I would not call my H a deadbeat. He retired from the Navy after 21 years. It took him six months to find a job with a government contractor and was with them for 10 years. The last two years he spent working for them in the Middle East instead of being let go because his project was done.

I have been with him for 20 years of which 18 we have been married. He has a daughter by his previous wife and made sure he paid child support until she was 18 and tried to see her whenever his ex would let him.

I don't understand the unusual behavior that he has started to exhibit since he was fired last January. Friends have suggested I dump him and a co-worker has suggested I tell him. I have told him and he does not listen. I don't really want to start over again but don't want to be in a relationship where I carry the burden all the time either. 

I do strongly love him. He still has a wonderful sense of humor. He can fix almost anything but just won't fix anything for me. He is very good at any kind of home improvement but won't do any of the improvements I would like and just shoots them down as being stupid. 

When we sold some items, the money I told him to keep for his vehicle he deposited in the bank in his account but I had to travel to him to get the money I needed to pay some bills as he wouldn't put it in the bank for me.

Yes, he can be a real ass but I new he could be when I met him. 

I am just really confused and don't understand what the hell is going on. I do not nag at him to find a job. When he talks about this or that that needs money to be done, I tell him that will have to wait until he gets a job and I can get a job where the new house is. 
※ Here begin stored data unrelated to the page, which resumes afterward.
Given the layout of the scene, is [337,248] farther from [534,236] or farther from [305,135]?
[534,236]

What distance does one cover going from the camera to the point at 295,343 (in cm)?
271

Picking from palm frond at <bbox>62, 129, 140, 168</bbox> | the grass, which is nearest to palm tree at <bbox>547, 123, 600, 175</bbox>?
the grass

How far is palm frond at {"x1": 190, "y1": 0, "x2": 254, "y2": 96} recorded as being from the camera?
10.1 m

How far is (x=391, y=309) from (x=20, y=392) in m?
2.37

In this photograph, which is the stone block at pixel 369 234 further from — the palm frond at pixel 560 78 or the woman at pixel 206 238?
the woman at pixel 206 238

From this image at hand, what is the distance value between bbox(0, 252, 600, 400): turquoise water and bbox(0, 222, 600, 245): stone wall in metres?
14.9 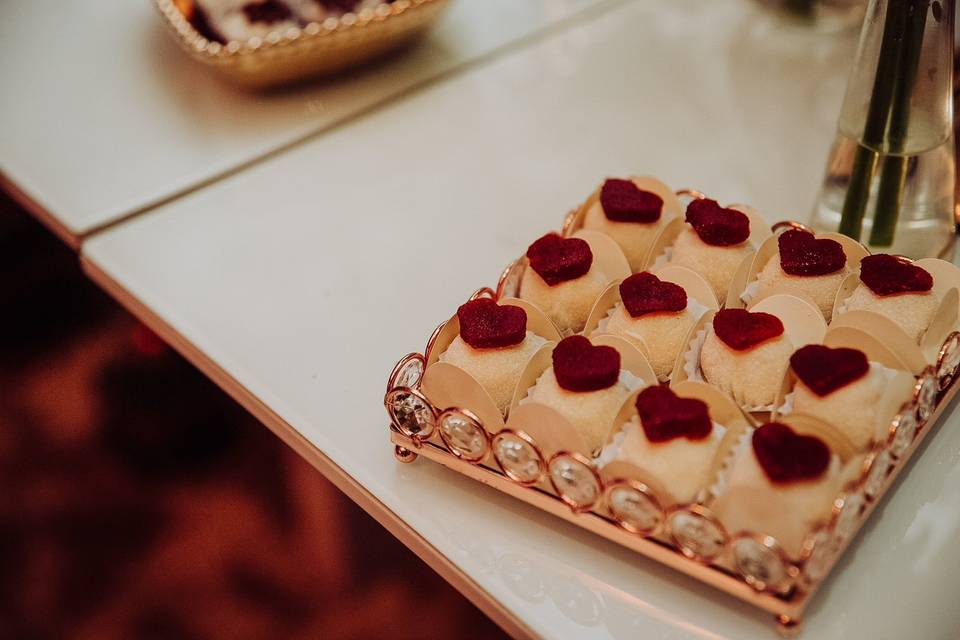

I AM JUST SO CONFUSED AND TIRED OF WORRYING ABOUT THIS BUT CAN'T SEEM TO QUIT!


----------



## turnera (Jan 22, 2010)

The point is, you are giving HIM your power. If you don't like something DO something about it. 

I don't know why, but women for some reason grow up thinking they have to convince a guy to DECIDE to give them what they want. When in reality, the woman has just as much right, just as much strength, just as much power as the man.

If you don't like something, do something about it. 

Start by reading about boundaries and consequences. It's how humans learn. If he is harming you by not taking care of himself and not working, make it clear. Make it clear you won't STAY with a man who harms you and won't take care of himself.

He does this crap (or doesn't do stuff) because YOU have no boundaries and HE has no consequences.



> “An intimate relationship is one in which neither party silences, sacrifices, or betrays the self and each party expresses strength and vulnerability, weakness and competence in a balanced way.”
> Harriet Lerner
> 
> Setting boundaries is essential if we want to be both physically and emotionally healthy.
> ...


http://www.positivelypositive.com/2012/06/29/how-to-create-healthy-boundaries/


----------



## Affaircare (Jan 11, 2010)

Here's a super simple suggestion:

"Hubby, I have decided I'm not longer willing to pay all the bills for the new house where I can't even live because you haven't bothered to get a job. I will pay for MY expenses, and you feel free to make whatever arrangements you need to make for YOUR expenses. I am no longer willing to be your neglected meal ticket.

So effective with my next paycheck, it is being deposited in my personal account where you don't have access. I don't want to ruin my own credit, so I have taken my name off X, Y and Z utilities, and you will need to find a way to pay for them if you want to use them. "

The end. 

He is an adult. He chose to move there and do nothing. So allow him to experience the consequence of "doing nothing"--namely losing the house and sitting there in the dark with no water. He'll learn quickly: work or he doesn't eat.


----------



## turnera (Jan 22, 2010)

Perfect.


----------